Leaves! little leaves!-thy children, thy flatterers, thine enemies! Leaves in the wind, those who would devote thee to darkness, who scorn or miscall thee here, even as they also whose great fame shall outlast them. For all these, and the like of them, are born indeed in the spring season and soon a wind hath scattered them, and thereafter the wood peopleth itself again with another generation of leaves. And what is common to all of them is but the littleness of their lives: and yet wouldst thou love and hate, as if these things should continue forever.

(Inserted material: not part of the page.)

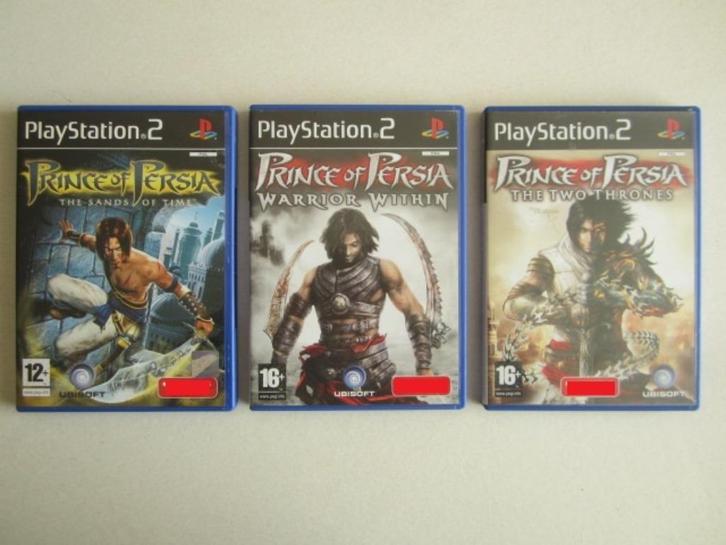 Prince of Persia PS2, Spelcomputers en Games, Games | Sony PlayStation 2, Nieuw, Avontuur en Actie, 1 speler, Vanaf 12 jaar, Ophalen of Verzenden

In a little while thine eyes also will be closed, and he on whom thou perchance hast leaned thyself be himself a burden upon another.

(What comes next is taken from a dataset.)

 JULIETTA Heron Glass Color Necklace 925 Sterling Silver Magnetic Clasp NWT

Think of infinite matter, and thy portion-how tiny a particle of it! of infinite time, and thine own brief point there; of destiny, and the jot thou art in it; and yield thyself readily to the wheel of Clotho, to spin thee into what web she will.

Walter Pater.

IVY LEAVES

The ivy leaves, (behind the shed),
Turned bright and blushed a rosy red.
Bit by the frost they sobered down,
And now can show but russet-brown.
Another frost and they will fall,
And there will be no leaves at all.

Thus down, through scarlet, gray, and dun,
The earth will fall into the sun.

Philip Henry Savage.

THE LEAVES

When with an airy covering

Around the summer's woodland wall,
Or wreathing all the doors of spring,
Or painting all the paths of fall,

The leaves go on their lonely ways,
With naught to ask, with all to give,
They make for me the empty days

Of winter lonelier to live.

Ethelwyn Wetherald.

GREEN LEAVES

Ah, how sublime—

The green leaves, the young leaves,

In the light of the sun!

Basho.

LEAVES

The autumnal winds, as if spellbound, had made
A natural couch of leaves in that recess,
Which seasons none disturbed, but, in the shade
Of flowering parasites, did Spring love to dress
With their sweet blooms the wintry loneliness
Of those dead leaves, shedding their stars whene'er
The wandering wind her nurslings might caress;
Whose intertwining fingers ever there

Made music wild and soft that filled the listening air.
Percy Bysshe Shelley.

DUST OF EDEN

Some dust of Eden eddies round us yet.

Some clay o' the Garden, clinging in the breast,
Down near the heart yet bides unmanifest.
Last eve in gardens strange to me I let
The path lead far; and, lo, my vision met

Old, forfeit hopes. I, as on homeward quest,
By recognizing trees was bidden rest,

And pitying leaves looked down and sighed, "Forget."
Arthur Upson.

PREDESTINATION

There is no peace for the blowing leaf,
The end of his journey he never knows:
He lifts from the ground with an upward heave
Or settles, as lulls the wind or blows.

And he ever pretends to his traveling friends
Mottled with crimson, dappled with fire,
That he knows the country to which he wends,
That he shapes his ways to his own desire.

Harry Kemp.

THE STORM IS OVER, THE LAND HUSHES TO REST

The storm is over, the land hushes to rest:

The tyrannous wind, its strength fordone,
Is fallen back in the west

To couch with the sinking sun.

The last clouds fare

With fainting speed, and their thin streamers fly

In melting drifts of the sky.

Already the birds in the air

Appear again; the rooks return to their haunt,

And one by one,

Proclaiming aloud their care,

Renew their peaceful chant.

Torn and shattered the trees their branches again reset,
They trim afresh the fair

Few green and golden leaves withheld from the storm,
And awhile will be handsome yet.
To-morrow's sun shall caress
Their remnant of loveliness:
In the quiet days for a time
Sad Autumn lingering warm
Shall humour their faded prime.

But ah! the leaves of summer that lie on the ground!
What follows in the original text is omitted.